- Instructions for the task
From the line containing "Iron Maiden Eddie" through the last line, print the records exactly and nothing else.

- Records to process
**********

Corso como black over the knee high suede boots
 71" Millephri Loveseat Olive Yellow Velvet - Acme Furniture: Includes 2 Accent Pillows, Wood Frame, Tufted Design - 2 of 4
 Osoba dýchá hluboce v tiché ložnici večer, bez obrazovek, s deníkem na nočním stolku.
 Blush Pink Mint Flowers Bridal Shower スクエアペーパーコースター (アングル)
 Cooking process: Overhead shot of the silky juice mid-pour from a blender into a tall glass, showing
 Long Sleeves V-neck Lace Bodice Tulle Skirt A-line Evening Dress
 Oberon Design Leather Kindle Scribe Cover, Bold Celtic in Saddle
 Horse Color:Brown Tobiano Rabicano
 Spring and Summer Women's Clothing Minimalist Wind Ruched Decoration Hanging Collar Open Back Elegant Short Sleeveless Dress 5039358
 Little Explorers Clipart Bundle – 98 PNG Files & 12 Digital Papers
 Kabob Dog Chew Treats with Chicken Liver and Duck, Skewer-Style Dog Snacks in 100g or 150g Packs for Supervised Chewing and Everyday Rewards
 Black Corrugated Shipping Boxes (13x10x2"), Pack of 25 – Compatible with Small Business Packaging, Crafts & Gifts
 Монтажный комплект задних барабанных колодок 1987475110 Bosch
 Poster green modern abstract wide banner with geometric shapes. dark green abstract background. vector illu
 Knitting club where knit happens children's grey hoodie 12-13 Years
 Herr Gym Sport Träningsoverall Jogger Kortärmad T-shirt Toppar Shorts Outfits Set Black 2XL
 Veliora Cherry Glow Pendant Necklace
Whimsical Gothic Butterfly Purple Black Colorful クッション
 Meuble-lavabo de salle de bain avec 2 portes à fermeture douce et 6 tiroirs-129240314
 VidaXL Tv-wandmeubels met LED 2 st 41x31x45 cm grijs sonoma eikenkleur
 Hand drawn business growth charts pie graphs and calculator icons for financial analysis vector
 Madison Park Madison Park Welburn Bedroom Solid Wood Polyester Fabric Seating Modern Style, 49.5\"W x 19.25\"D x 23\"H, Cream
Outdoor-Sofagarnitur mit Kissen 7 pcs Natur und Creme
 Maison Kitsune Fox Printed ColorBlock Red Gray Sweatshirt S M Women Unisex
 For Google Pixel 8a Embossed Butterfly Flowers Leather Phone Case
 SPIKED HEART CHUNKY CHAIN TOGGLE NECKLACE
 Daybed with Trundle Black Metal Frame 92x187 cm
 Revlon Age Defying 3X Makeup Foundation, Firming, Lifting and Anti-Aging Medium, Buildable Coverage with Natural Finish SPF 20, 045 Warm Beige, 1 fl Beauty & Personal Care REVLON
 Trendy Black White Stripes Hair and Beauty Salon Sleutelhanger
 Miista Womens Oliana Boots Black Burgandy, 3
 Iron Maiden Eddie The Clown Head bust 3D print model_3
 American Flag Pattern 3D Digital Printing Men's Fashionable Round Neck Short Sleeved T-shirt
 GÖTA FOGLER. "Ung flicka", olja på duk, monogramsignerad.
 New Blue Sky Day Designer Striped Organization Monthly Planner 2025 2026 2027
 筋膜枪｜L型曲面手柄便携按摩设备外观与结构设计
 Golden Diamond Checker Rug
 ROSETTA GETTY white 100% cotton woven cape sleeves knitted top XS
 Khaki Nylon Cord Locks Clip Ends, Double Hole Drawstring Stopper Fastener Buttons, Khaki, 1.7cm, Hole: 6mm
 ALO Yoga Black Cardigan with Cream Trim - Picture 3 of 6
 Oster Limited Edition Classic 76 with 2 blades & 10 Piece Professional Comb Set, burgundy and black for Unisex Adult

**********

- Expected output
 Iron Maiden Eddie The Clown Head bust 3D print model_3
 American Flag Pattern 3D Digital Printing Men's Fashionable Round Neck Short Sleeved T-shirt
 GÖTA FOGLER. "Ung flicka", olja på duk, monogramsignerad.
 New Blue Sky Day Designer Striped Organization Monthly Planner 2025 2026 2027
 筋膜枪｜L型曲面手柄便携按摩设备外观与结构设计
 Golden Diamond Checker Rug
 ROSETTA GETTY white 100% cotton woven cape sleeves knitted top XS
 Khaki Nylon Cord Locks Clip Ends, Double Hole Drawstring Stopper Fastener Buttons, Khaki, 1.7cm, Hole: 6mm
 ALO Yoga Black Cardigan with Cream Trim - Picture 3 of 6
 Oster Limited Edition Classic 76 with 2 blades & 10 Piece Professional Comb Set, burgundy and black for Unisex Adult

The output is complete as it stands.